### Exercise prompt
In the data that follows, find the line with "Jambes à la"; transcribe it, every later line up to the one with "Suwannee County firefighters", and that line as well, exactly and with no others.

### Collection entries
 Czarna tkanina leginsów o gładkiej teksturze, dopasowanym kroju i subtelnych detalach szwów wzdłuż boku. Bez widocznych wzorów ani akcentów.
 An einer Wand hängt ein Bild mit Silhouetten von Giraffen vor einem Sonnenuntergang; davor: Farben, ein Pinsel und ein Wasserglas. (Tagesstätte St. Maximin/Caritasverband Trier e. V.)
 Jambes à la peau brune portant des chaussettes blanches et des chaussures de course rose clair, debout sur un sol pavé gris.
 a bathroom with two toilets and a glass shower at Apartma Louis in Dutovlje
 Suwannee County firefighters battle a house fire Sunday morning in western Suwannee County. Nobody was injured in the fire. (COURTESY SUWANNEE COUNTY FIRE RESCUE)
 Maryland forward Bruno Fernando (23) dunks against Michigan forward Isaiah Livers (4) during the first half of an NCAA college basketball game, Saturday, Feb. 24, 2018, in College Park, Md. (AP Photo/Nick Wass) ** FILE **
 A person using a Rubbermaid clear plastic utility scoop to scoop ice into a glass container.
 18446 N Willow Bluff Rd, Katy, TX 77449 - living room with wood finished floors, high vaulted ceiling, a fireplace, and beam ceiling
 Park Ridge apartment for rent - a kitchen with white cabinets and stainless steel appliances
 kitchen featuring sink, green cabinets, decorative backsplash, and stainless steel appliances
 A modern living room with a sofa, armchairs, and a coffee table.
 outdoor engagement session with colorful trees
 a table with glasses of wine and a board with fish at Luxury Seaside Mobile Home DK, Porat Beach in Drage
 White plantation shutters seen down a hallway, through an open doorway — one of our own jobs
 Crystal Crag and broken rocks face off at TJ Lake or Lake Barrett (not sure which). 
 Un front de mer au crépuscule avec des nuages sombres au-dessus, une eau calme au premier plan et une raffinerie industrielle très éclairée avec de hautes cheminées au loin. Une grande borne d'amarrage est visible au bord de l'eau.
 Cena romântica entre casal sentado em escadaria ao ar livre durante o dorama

### Answer box
 Jambes à la peau brune portant des chaussettes blanches et des chaussures de course rose clair, debout sur un sol pavé gris.
 a bathroom with two toilets and a glass shower at Apartma Louis in Dutovlje
 Suwannee County firefighters battle a house fire Sunday morning in western Suwannee County. Nobody was injured in the fire. (COURTESY SUWANNEE COUNTY FIRE RESCUE)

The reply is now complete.